El mas necesitaba arreglos, desde luego: dos cuartos de baño de que carecía, un porche que estaba medio en ruinas, varias alcobas que uní para formar una gran estancia-biblioteca… También tenía tres o cuatro cuartos de dormir, un pequeño comedor y la gran cocina provenzal que hubo que restaurar pero que conservé con su hogar de leña y su gran chimenea acampanada. Nunca se trató, sin embargo, de reconstruir una propiedad para convertirla en una finca de recreo al uso de las que hoy conocemos. Los ricos parisinos de entonces tenían castillos con fincas de caza y no casas rústicas en las que esconderse para un romántico regreso a la vida sencilla. Eso pertenece a este tiempo nuevo en el que nos adornamos con la naturaleza sobria para indicar que la nuestra es la austeridad algo suficiente de quienes nos desprendemos de las cosas materiales y superfluas por necesidad estética o por hastío.

Mi masía de Les Arpilles era una casa de campo llena de encanto, desde luego, pero rudimentaria. Sigue siéndolo hoy; un refugio para pasar algunas temporadas cada cierto tiempo, ni siquiera a intervalos regulares. De hecho, mantuve su condición de pequeña explotación agrícola a cargo de mis dos viejos guardeses, Maurice y Albertine Cassou, que vivían algo alejados de la masía, en una casita que también arreglé. No les pagaba gran cosa, pero tampoco me entregaban ellos el fruto de la tierra, las aceitunas, el aceite, el vino, las almendras y los tomates y lechugas de su pequeña huerta. Fuérase una cosa por la otra.

En fin, como digo, un pequeño y agradable refugio, nada que pudiera desplazar en mis preferencias a mi apartamento de París o las temporadas de aguas en Vichy o, desde luego, el Martinez en Cannes. Sólo que todo había empezado allí, en mi masía de Les Baux-de-Provence, y si miraba la fotografía enmarcada de Marie vestida con pantalones cortos, riendo de aquella forma tan explosiva y tan traviesa, era como tragar aceite hirviendo.

Allí fue, en Les Alpilles, donde se alojaron los Neira a mediados del mes de julio de 1940, esperando que Arístides se los llevara a La Rochelle para embarcar rumbo a Lisboa y América.

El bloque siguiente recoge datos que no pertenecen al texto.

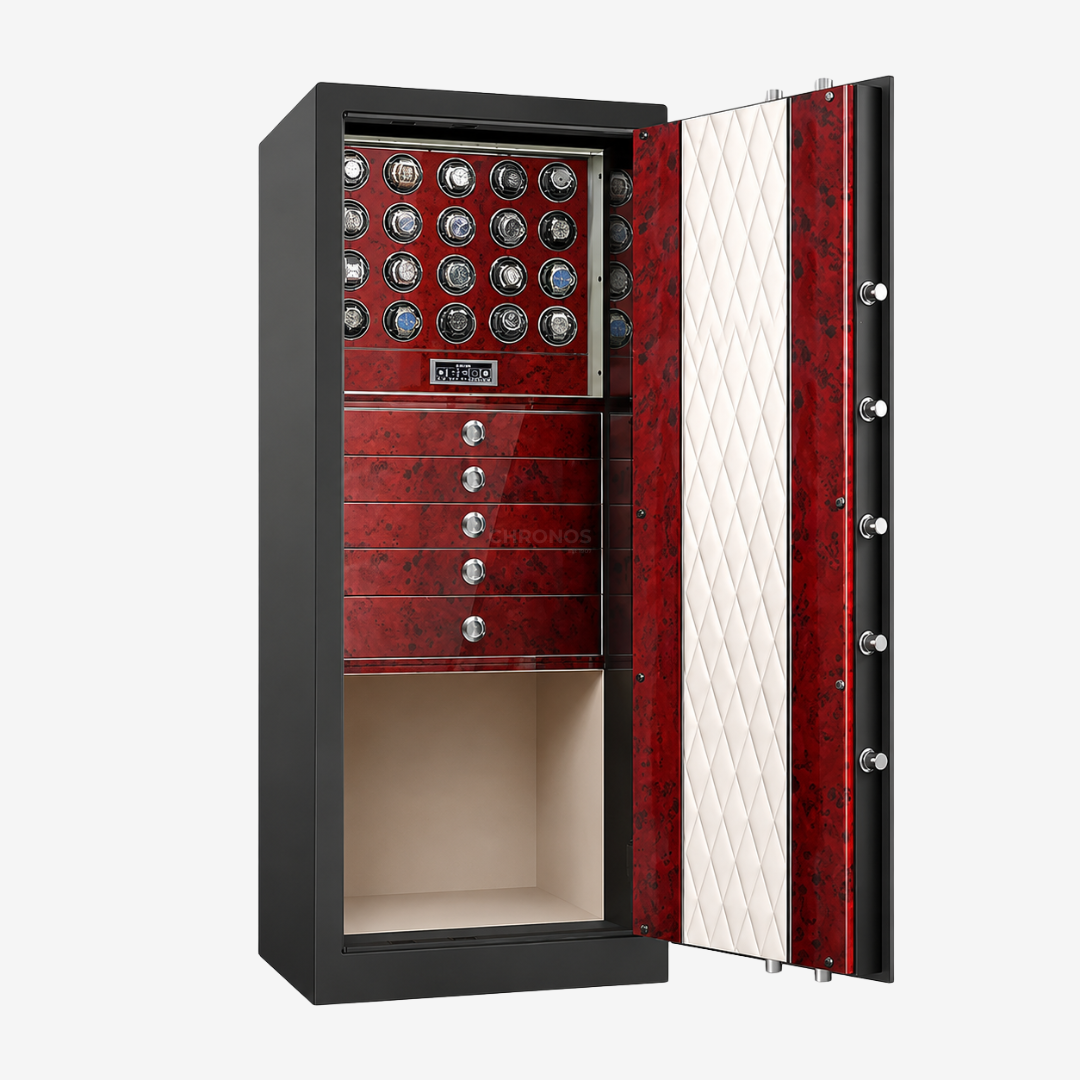 Watch Winder – Quantum Glide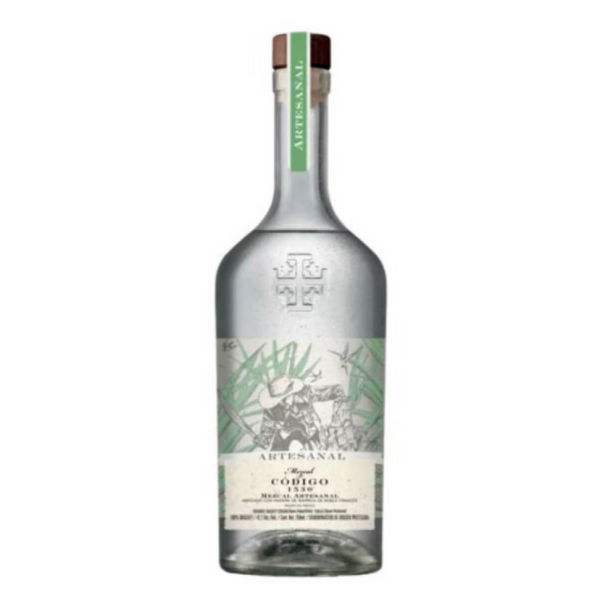 Codigo 1530 Mezcal Artesanal Joven - Delidrop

El 15 de julio recibí una nota de Arístides en la que me agradecía una vez más el préstamo de la casa y me anunciaba que los Neira se habían instalado en ella. El hijo enfermo mejoraba. Estaban muy contentos y por fin al abrigo de las angustias de una incierta y peligrosa situación: la de unos refugiados no ya en una tierra de acogida sino en un país que de pronto se había convertido en enemigo. Deseaban pasar el menor tiempo posible en Les Baux y perder de vista Francia a la mayor brevedad. La carta continuaba así:

Querido Manuel, me pregunto si puedo pedirte un nuevo y tal vez no tan pequeño favor. El vecino de la propiedad de al lado ha venido a husmear y a hacer preguntas. Maurice les ha enseñado tu carta de autorización, pero me ha parecido que sobre todo su esposa sospechaba que algo no era correcto. No son muy simpáticos. ¿Sería mucho pedirte que hicieras un pequeño viaje hasta Les Baux lo más pronto posible? No me atrevo a dejar solos a los Neira y, sin embargo, debo ausentarme por unos días, i para atender al consulado en Burdeos […].

Desde luego, madame Cloppard no era la más agradable de las personas en el mejor de los casos. En una situación de guerra y con un sistema de sospecha institucional impuesto por un gobierno que se había lanzado a la regeneración nacional contra sus propios ciudadanos a los que consideraba una pandilla de cretinos morales, aquella buena mujer se convertía en una peligrosa arpía. Madame Ursule Cloppard, sí.

(Eramos todos un poco inconscientes, desde luego. Que Arístides de Sousa me escribiera una nota en términos de tanta franqueza y la encomendara sin más precauciones al correo y que a ninguno de los dos se nos antojara que corríamos grave riesgo con ello, da idea de la lentitud con la que el ser humano se adecúa al cambio violento impuesto por una guerra. No nos sentíamos amenazados aún en nuestra esfera privada. Sí, los gestos externos, los comportamientos visibles quedaban sujetos a la sospecha de los tiranos; pero lo que pensábamos todavía era nuestro, ¿no? Recuerdo el susto que me llevé apenas unas semanas más tarde cuando en mi hotel de Vichy recibí otra carta que había sido burdamente abierta y repegada de cualquier manera tras pasar por la censura de los servicios del gobierno. En fin, en esta ocasión fuimos afortunados.)